Se trataba de unificar y cohesionar, a sangre y fuego, al naciente Estado español, y en ese afán, con pocos años de diferencia, los reyes colocaron ante una disyuntiva terrible a las juderías, las morerías y las gitanerías de la Península: o se convertían --es decir, renunciaban a ser lo que eran-- o se largaban. Un sector de aquella España de convivencia pluricultural, tierra donde habían fructificado innumerables corrientes migratorias, se imponía sobre los otros y asentaba su hegemonía política y cultural sobre el territorio. En lo sucesivo, Castilla no sólo tiranizó a los “infieles” sino que oprimió a los otros pueblos cristianos de la Península y les confiscó sus idiomas y lo que ahora llamaríamos sus “usos y costumbres”. A más de 500 años de aquella fundación trágica y bárbara, la España “una, grande y libre” aún resiente la ausencia de moros y judíos y sigue un tanto embrollada en resolver, por vías autonómicas o policiales, el enredo de tener muchas naciones dentro de un solo Estado.

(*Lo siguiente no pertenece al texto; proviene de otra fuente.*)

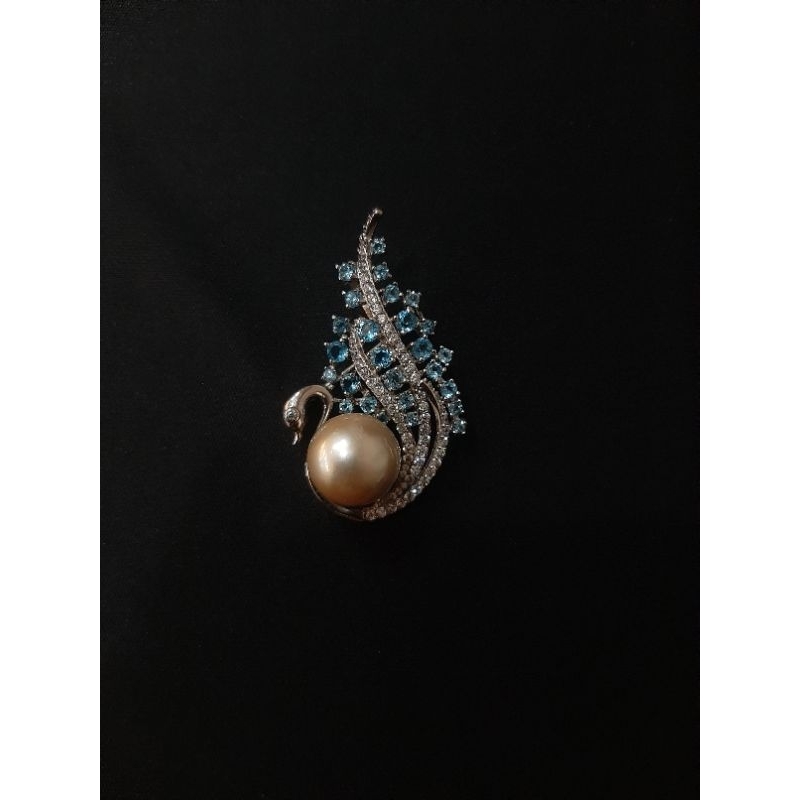 Bros Mutiara Asli Air Laut, Zircon, Rangka perak 925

Hoy, la circunstancia es muy distinta. Lo que está en juego no es la conformación del Estado, sino su participación en el diseño burocrático del gigantesco castillo feudal en que se está convirtiendo la Unión Europea, por decisión propia y por fidelidad a la norma globalizadora de cerrar fronteras a los inmigrantes de los países pobres. Uncidos a esa lógica, Aznar y su gobierno hicieron promulgar una ley infame que niega a los extranjeros derechos humanos fundamentales --reunión, asociación, manifestación, sindicación y huelga-- y cometieron la canallada de condicionar el ingreso a territorio español a colombianos, ecuatorianos, dominicanos y otros inmigrantes del mundo hispano que requieren de trabajo y que hasta ahora han participado en la construcción de la nueva pluralidad cultural española.

Es una pena descubrir que, medio milenio después, el espíritu de la pragmática de Medina del Campo ha resucitado en La Moncloa.